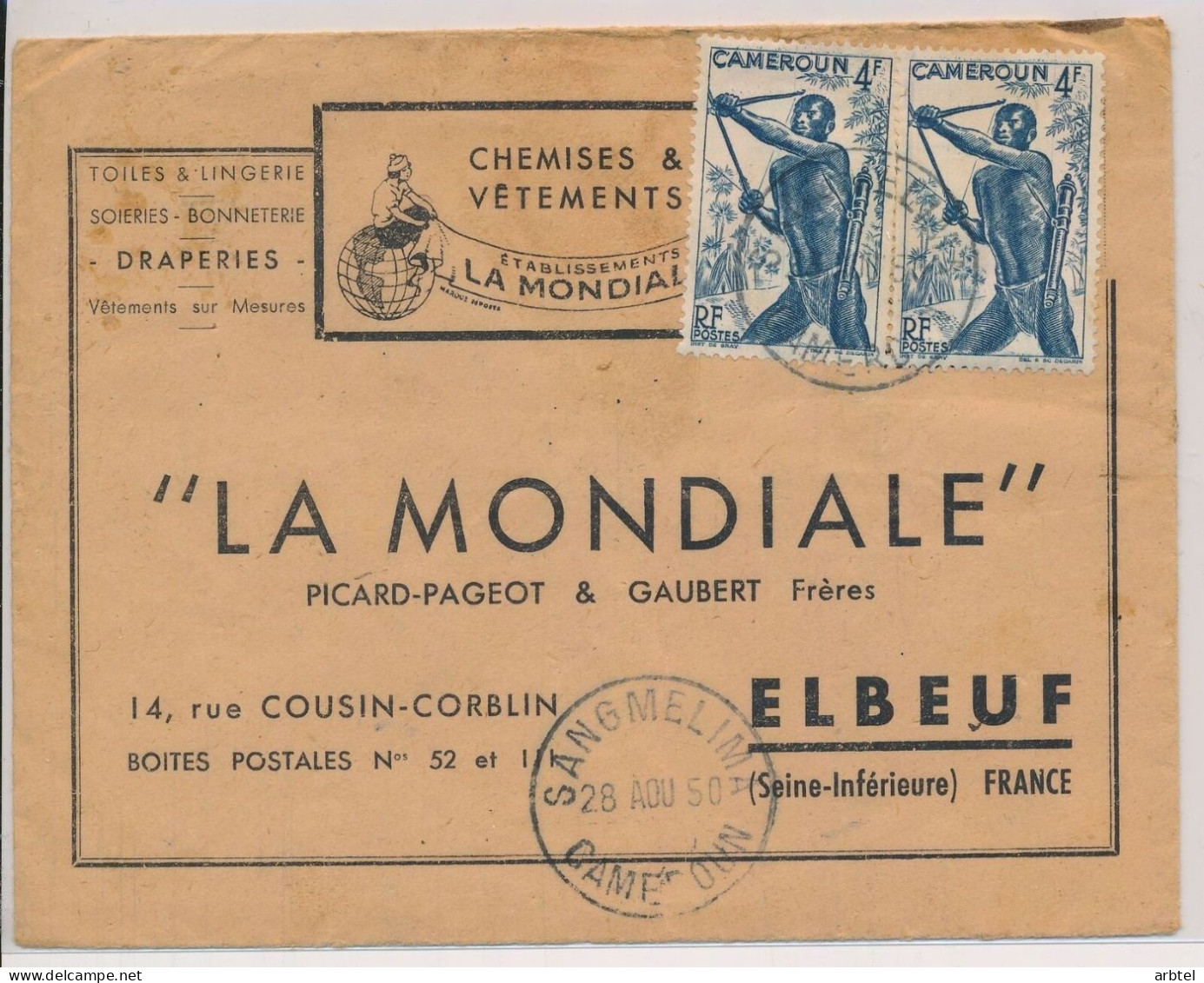CAMEROUN A ELBEUF 1950 SELLO TIRO ARCO ARCHERY CAZA HUNTING - Bogenschiessen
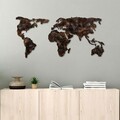 Decoratiune de perete, World Map 25, Lățime: 127 cm Înălțime: 60 cm Adâncime: 1,5 cm, Multicolor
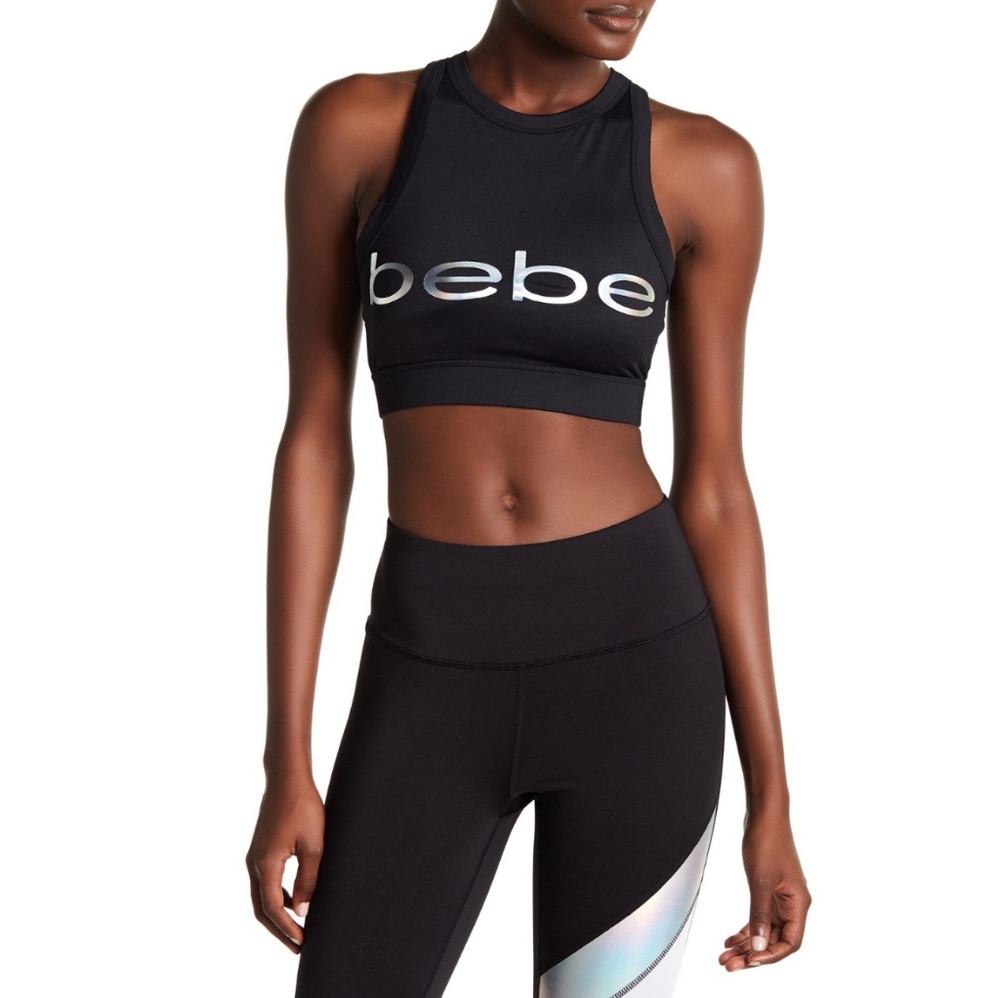''SOLD''⚘Bebe⚘🖤Metallic Logo 2pk Sports Bra - Picture 2 of 8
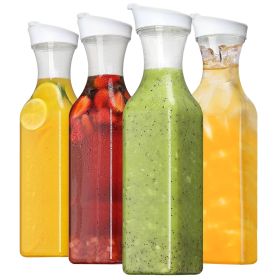 4 Pack 50Oz Water Carafes With Flip Top Lids Square Juice Containers For Fridge Plastic Clear Pitchers For Water Iced Tea Juice Lemonade Milk Cold Bre
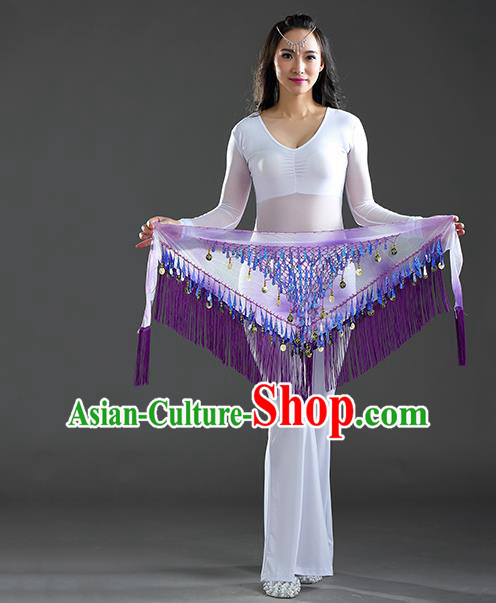 Indian Belly Dance Purple Sequin Fichu Scarf Belts India Raks Sharki Waistband for Women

§ §

Transcribe each entry above without alteration, but keep the pictures out.

CAMEROUN A ELBEUF 1950 SELLO TIRO ARCO ARCHERY CAZA HUNTING - Bogenschiessen
 Decoratiune de perete, World Map 25, Lățime: 127 cm Înălțime: 60 cm Adâncime: 1,5 cm, Multicolor
''SOLD''⚘Bebe⚘🖤Metallic Logo 2pk Sports Bra - Picture 2 of 8
 4 Pack 50Oz Water Carafes With Flip Top Lids Square Juice Containers For Fridge Plastic Clear Pitchers For Water Iced Tea Juice Lemonade Milk Cold Bre
 Indian Belly Dance Purple Sequin Fichu Scarf Belts India Raks Sharki Waistband for Women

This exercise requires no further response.